Retype word for word the line containing "Apartment In Skanderbeg" and each line that follows it in the records below, through the last one, with no pictures.

Content starts

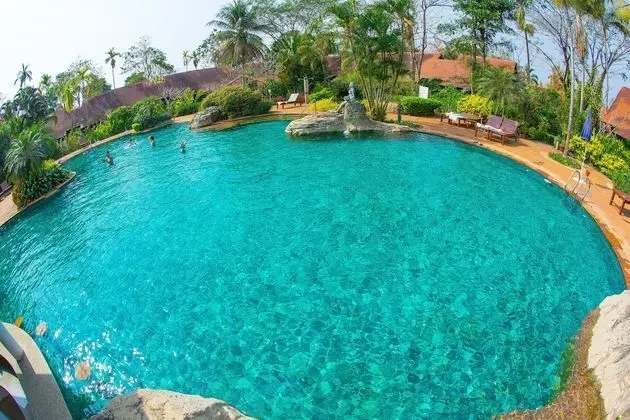 Golden Pine Resort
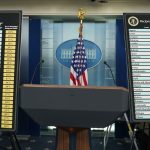 Gráficos con los aranceles 'recíprocos' expuestos en una sala de prensa de la Casa Blanca, Washington D.C., EE.UU., 2 de abril de 2025.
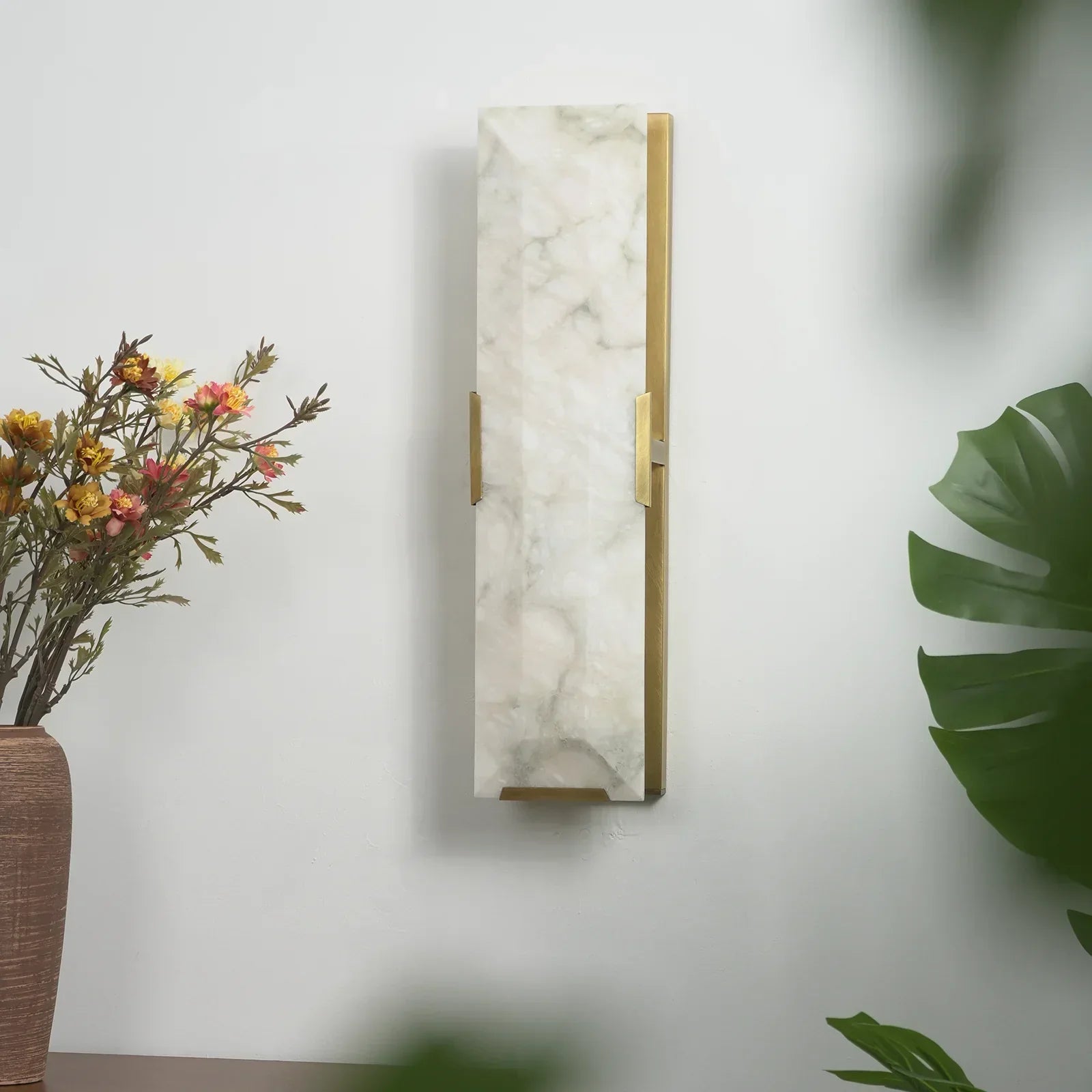 Alabaster Rectangular Wall Lamp | wildoxy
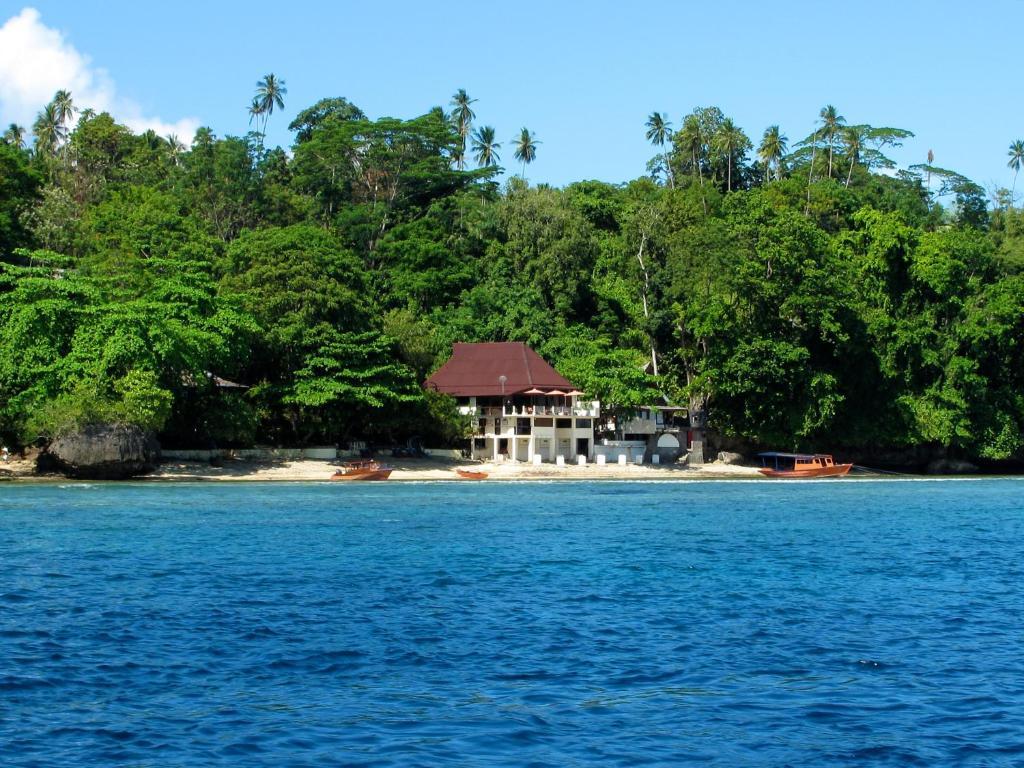 Bunaken Cha Cha Nature Resort Exterior photo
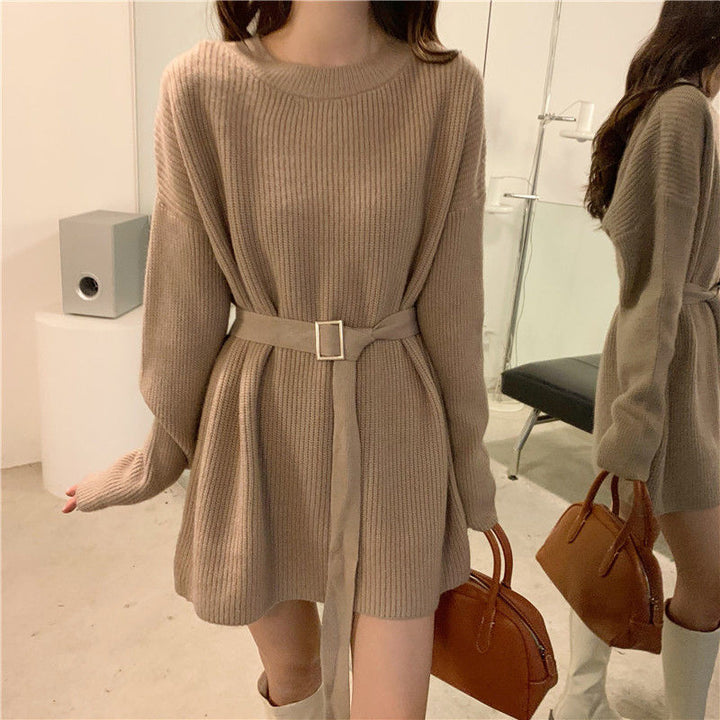 Damen Strickkleid mit taillierter Gürteldetail und modernem Rippmuster Drune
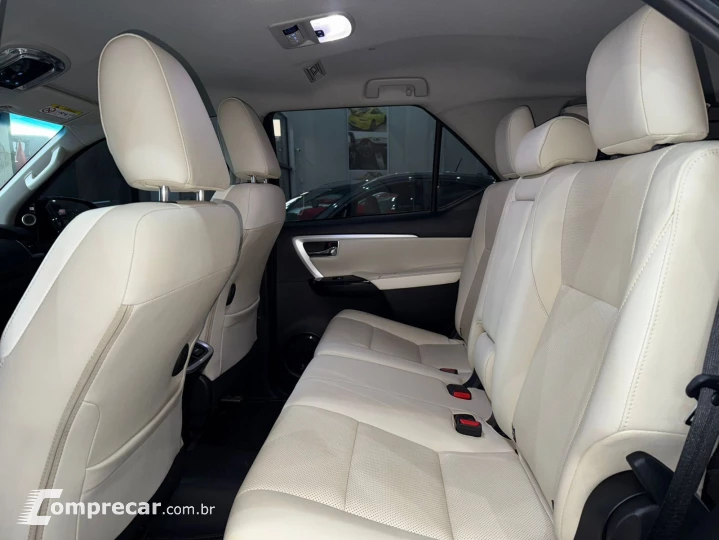 HILUX SW4 2.8 D-4d Turbo Diamond 7L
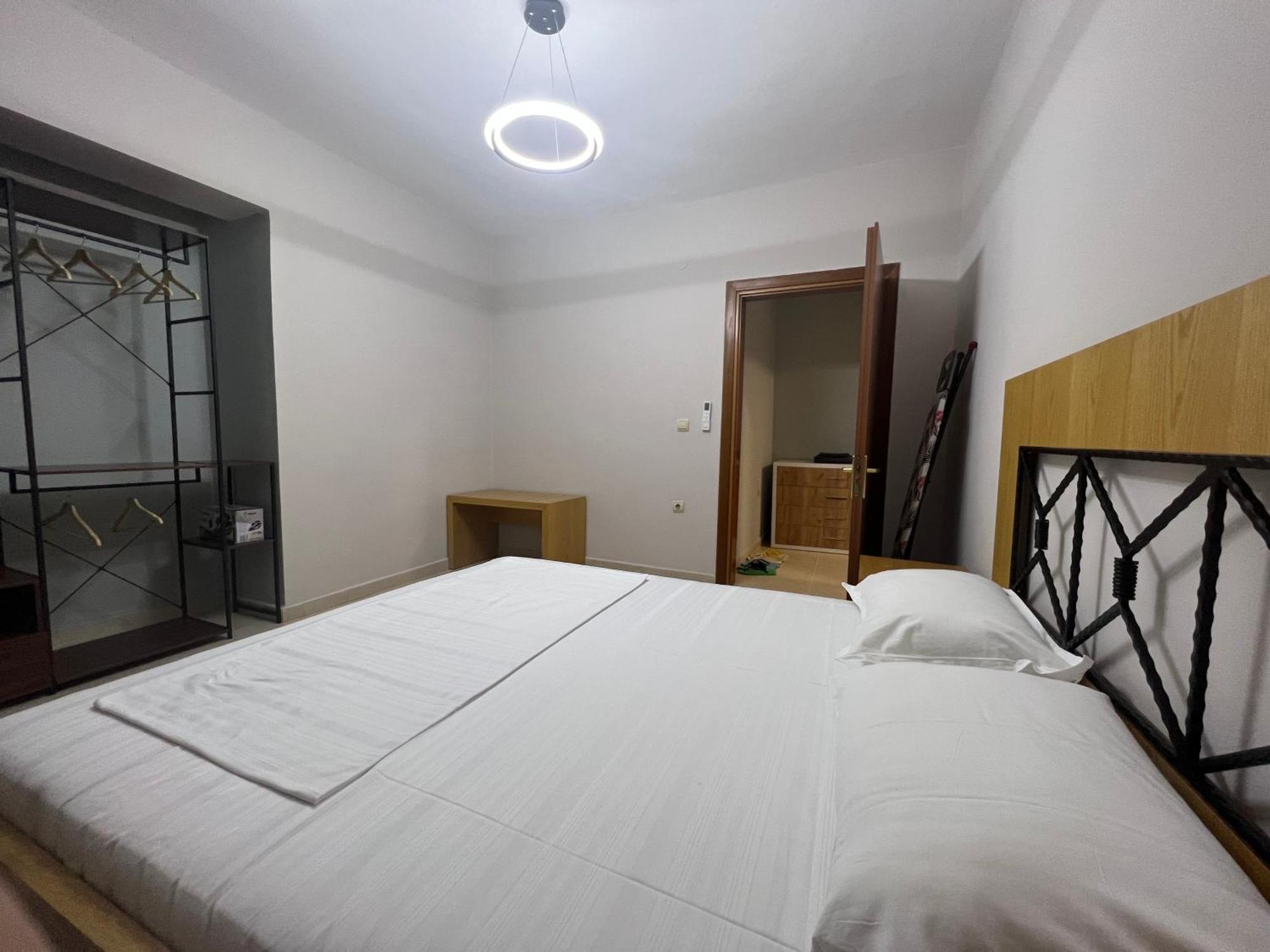 Apartment In Skanderbeg Square - Tirana Center 2 Eksteriør billede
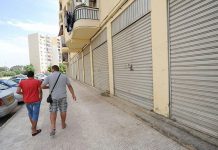 مواطنون يحتجون على القيود الوقائية ضد كورونا! مواطنون يحتجون على القيود الوقائية ضد كورونا!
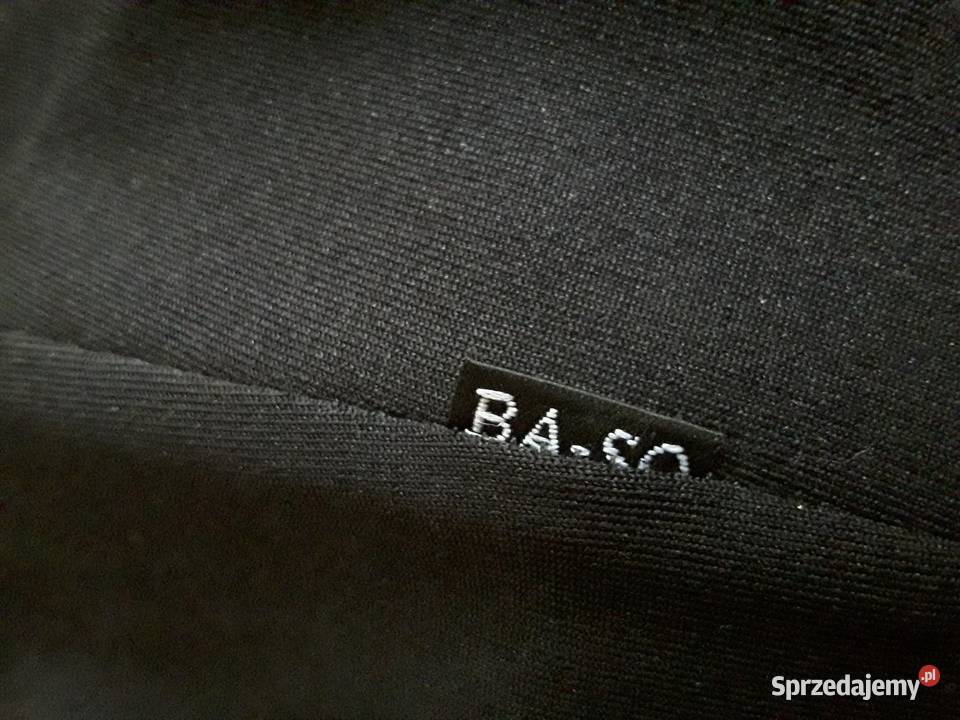 Bluzka czarna r 34 półodkryte plecy Odzież damska Warszawa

Content ends

■ Exercise output:
 Apartment In Skanderbeg Square - Tirana Center 2 Eksteriør billede
 مواطنون يحتجون على القيود الوقائية ضد كورونا! مواطنون يحتجون على القيود الوقائية ضد كورونا!
 Bluzka czarna r 34 półodkryte plecy Odzież damska Warszawa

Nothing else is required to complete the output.